The thing is…you can have the stuff. Birmingham has the best all-around food and brewing scene in the Deep South, barring maybe New Orleans. Maybe. There’s a food hall in the first floor of an old department building that would not be out of place in Santa Cruz, there’s ice cream in Avondale that’s on a par with the best mint chip in the Bay Area, there’s only the second location in the world of Rodney Scott’s Whole Hog BBQ. With no railroad bridges to turn into a High Line, they have turned ten blocks beneath the freeway into the City Walk. It’s an attractive place to be – and honestly, I would rather move back there than Nashville, because it’s not freighted with Baptist Vegas – it’s a majority-black town with majority-black government, a reliably safe blue bubble amidst a horrifying state rather than a purple smear in Tennessee’s red sea.

But at some level, I know now: I just don’t want to need a bubble. I don’t want the camaraderie of the foxhole, the blue island in an ocean of blood red. I don’t want to be a dot, I just want to be. I want friends, not a mutual aid pact. I want a life that’s isn’t at the mercy of the agency of rednecks. I don’t want to live a life that’s only protected by my own affluent whiteness from the worst among us.
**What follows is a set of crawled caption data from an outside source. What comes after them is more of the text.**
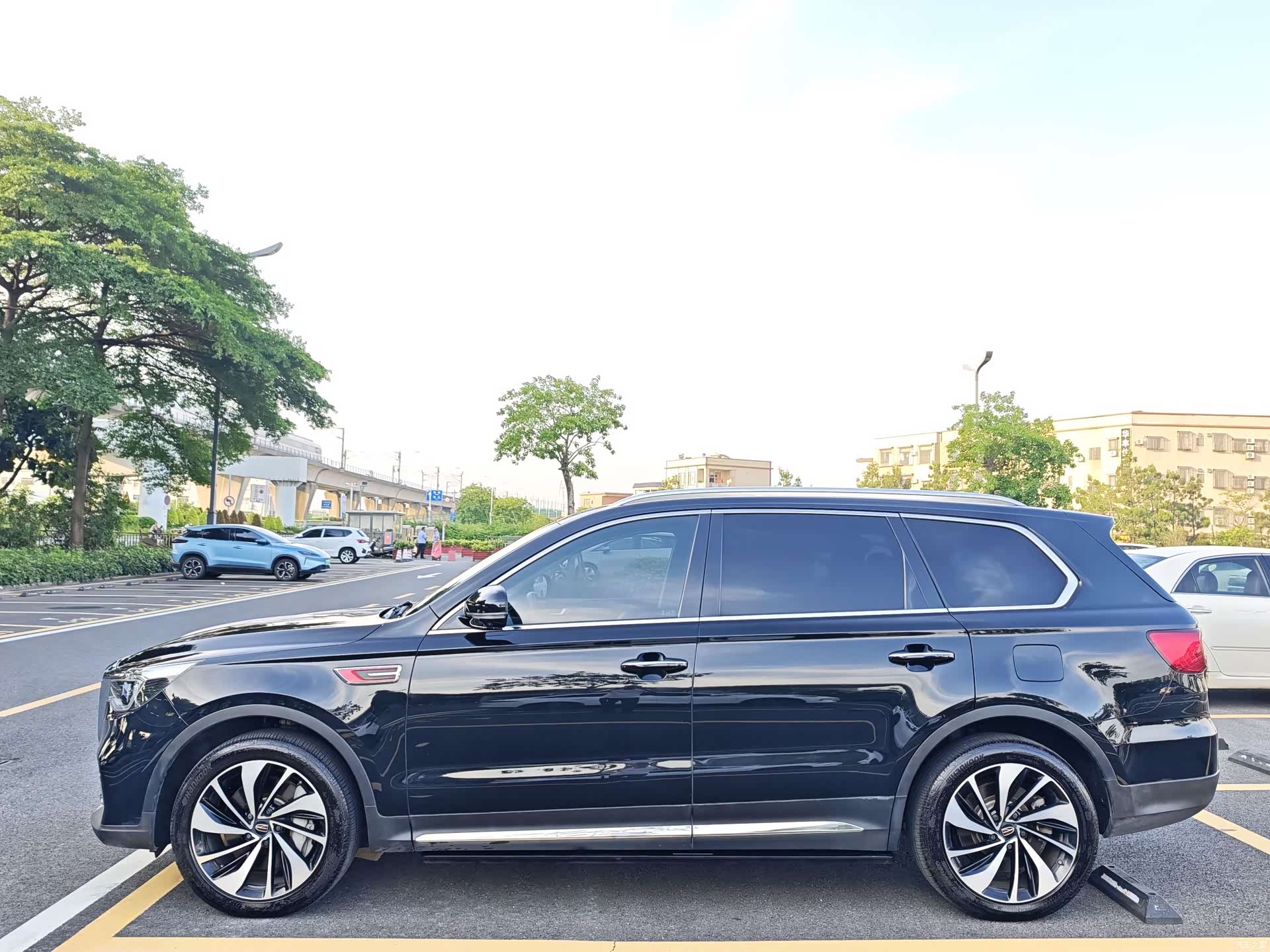 Hongqi HS7, 2021 21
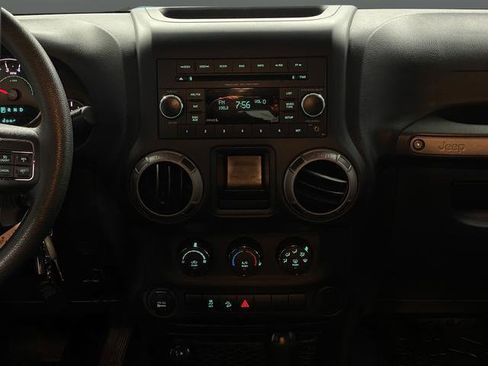 Used 2017 Jeep Wrangler Unlimited Sport w/ Max Tow Package image 7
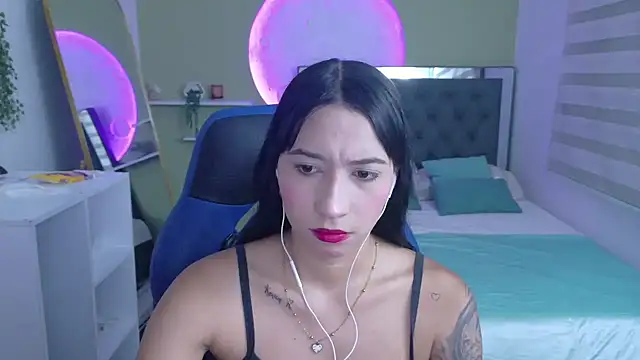 ivvoncute online show from July 8, 1:19 am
Maybe it’s just being 50, but the things I want now are safety, stability, the comfort of knowing I can have a nice quiet pint and be left alone for a couple hours. Maybe the pandemic did for everything that wasn’t the cocoon. I’d love to have a gang of friends to do stuff with, but if that’s not on offer, then I want to be in California, where white people are a minority, where the Okies will never take charge of state government, where it will always be possible to mind your business. And I will find the bits that spark joy, and spark them.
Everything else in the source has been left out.